Development¶
Prerequisites¶
- Python 3.10+
- Docker, Docker Compose
- NVIDIA GPU + CUDA driver (for Ollama)
- Node.js 24+ (frontend development only)
CLI Entry Points¶
Defined in pyproject.toml under [project.scripts]:
| Command | Entry Point | Description |
|---|---|---|
bsllmner2_extract |
bsllmner2.cli_extract:run_cli_extract |
Extract mode CLI |
bsllmner2_select |
bsllmner2.cli_select:run_cli_select |
Select mode CLI |
Local Development Setup¶
Python Package¶
Docker Environment¶
Running Tests¶
# Tests
uv run pytest
# Type checking
uv run mypy
# Linter
uv run ruff check bsllmner2/ tests/ scripts/
# Formatter
uv run ruff format bsllmner2/ tests/ scripts/
# Format check (for CI)
uv run ruff format --check bsllmner2/ tests/ scripts/
For details on test structure, mutation testing, and model evaluation, see Testing.
Release Process¶
Version is managed via git tags using hatch-vcs.
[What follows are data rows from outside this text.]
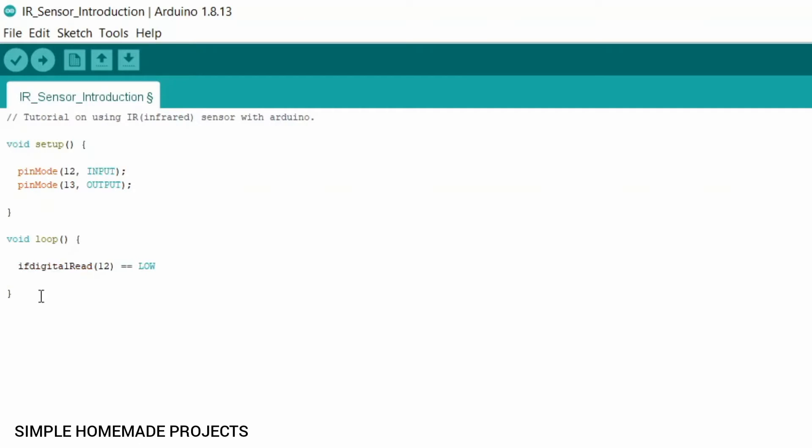So for its detection I am going to use an if statement, that if the object is detected at pin 12, then the output which is pin 13 will be turned HIGH.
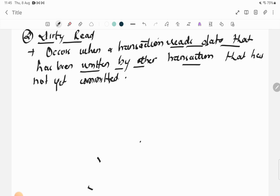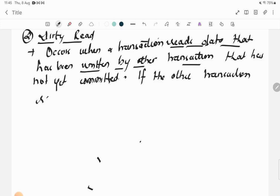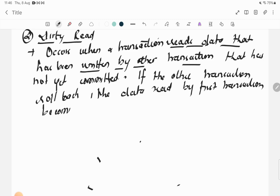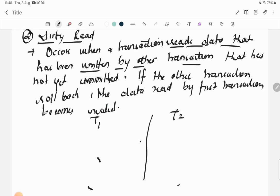If the other transaction rolls back instead of committing — meaning it returns to its previous state — then the data read by the first transaction becomes invalid.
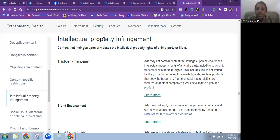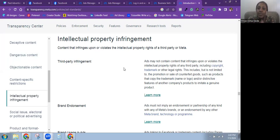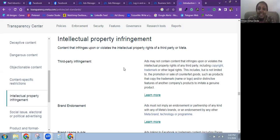Now, I'm over here under Intellectual Property Infringement, and it says: this talks about content that infringes upon or violates the intellectual property rights of a third party or Meta. What we are going to focus on is the third party infringement section. Ads must not contain content that infringes upon or violates the intellectual property rights of any third party, including copyright, trademark, or other legal rights. This includes, but is not limited to, the promotion or sale of counterfeit goods, such as products that copy the trademark name or logo and distinctive features of another company's products to imitate a genuine product.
No manual version editing in pyproject.toml is required.
- Merge PR to
main - Create and push a version tag:
- The tag push triggers
.github/workflows/release.yml: - Build and push Docker image to
ghcr.io/dbcls/bsllmner-mk2 - Create GitHub Release with auto-generated notes
scripts/ Utility Scripts¶
| Script | Description |
|---|---|
download_ontology_files.py |
Download ontology files |
ncbi_gene_to_owl.py |
Convert NCBI Gene data to OWL |
prepare_bs_entries.py |
Prepare BioSample entries for ChIP-Atlas |
inspect_select_result.py |
Inspect a SelectResult JSON (summary / show / find subcommands) |
select-config-hg38.json |
Human (hg38) select config |
select-config-mm10.json |
Mouse (mm10) select config |
select-config-plants.json |
Plants (PO) select config (tissue / cell_type) |
Debug tools¶
inspect_select_result.py¶
Inspect a SelectResult JSON produced by bsllmner2_select. All three
subcommands emit plain text by default and JSON with --json.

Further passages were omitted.